Farewell Constantinople, Hello Istanbul

One of the great cities of the world is located just south of the Black Sea and reaches across the Bosphorus Strait from Europe to Asia. It was founded as a Greek city, a colony of Megara, named Byzantion. When the site was chosen as the location of the new capital of the recently-Christianized Roman Empire, it was dubbed New Rome but became better known as Constantinople. Since 1930 it has been called Istanbul.

When the Ottoman Turks blew open the walls of Constantinople and killed the last Roman Emperor in 1453, the once-magnificent city was a ghostly shell of its former self: underpopulated, poverty-stricken, with vast areas inside its walls returned to nature. Mehmet the Conqueror was determined to revive the city and make it his capital; he encouraged the Christian population to stay on, compelled Turkish settlers to immigrate, and began an infrastructure and building campaign that his successors would continue until the glory of the city was restored. For almost 500 years under the Turkish empire the name Constantinople was retained, but when that empire was toppled a change was made.

Mehmet Pasha, aka Ataturk, was the founder of a new, secular Turkish republic in 1923 and he meant to drag his nation into the 20th century. He crushed the power of the Islamic clergy, abolished the Caliphate, banned Arabic and replaced it with Roman letters, discouraged the wearing of the turban (the fedora was now the headgear of choice), and moved the capital from cosmopolitan Constantinople to the provincial city of Angora in the interior. Ataturk wished to emphasize Turkishness, not the multi-national Ottoman regime. As a symbol of this, Angora became Ankara and Constantinople was renamed Istanbul, probably from a bastardization of the Greek phrase. “to the City”.

In 1953, in honour of the 500th anniversary of the fall of the city, the Canadian pop group The Four Lads recorded “Istanbul (Not Constantinople)”, a humorous take on the name change written by Jimmy Kennedy and Nat Simon.  The lyrics proclaim:

Istanbul was Constantinople
Now it’s Istanbul, not Constantinople
Been a long time gone, Oh Constantinople
Now it’s Turkish delight on a moonlit night.

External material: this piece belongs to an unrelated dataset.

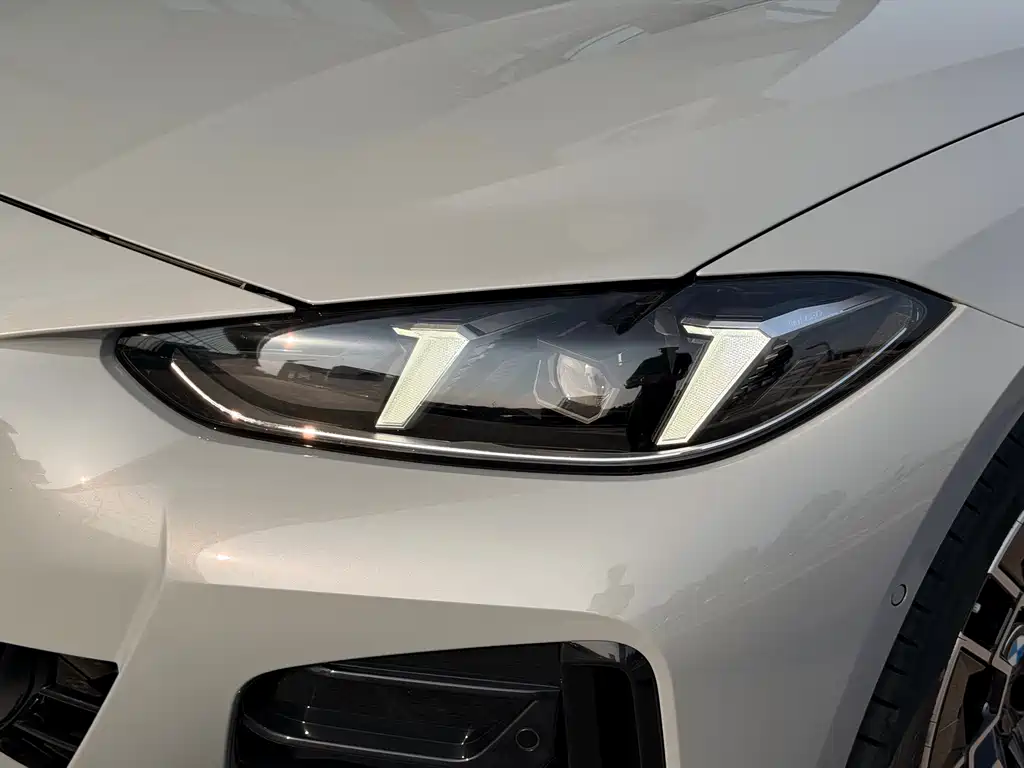 BMW 4 Series 2025 — фото 6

Every gal in Constantinople
Lives in Istanbul, not Constantinople
So if you’ve a date in Constantinople
She’ll be waiting in Istanbul.

Even old New York was once New Amsterdam;
Why they changed it I can’t say;
People just liked it better that way.

So, Take me back to Constantinople
No, you can’t go back to Constantinople
Been a long time gone, Oh Constantinople
Why did Constantinople get the works?
That’s nobody’s business but the Turks

Istanbul
Istanbul
Istanbul

Even old New York was once New Amsterdam
Why they changed it I can’t say
People just liked it better that way

Istanbul was Constantinople
Now it’s Istanbul, not Constantinople
Been a long time gone, Oh Constantinople
Why did Constantinople get the works?
That’s nobody’s business but the Turks

So, Take me back to Constantinople
No, you can’t go back to Constantinople
Been a long time gone, Oh Constantinople
Why did Constantinople get the works?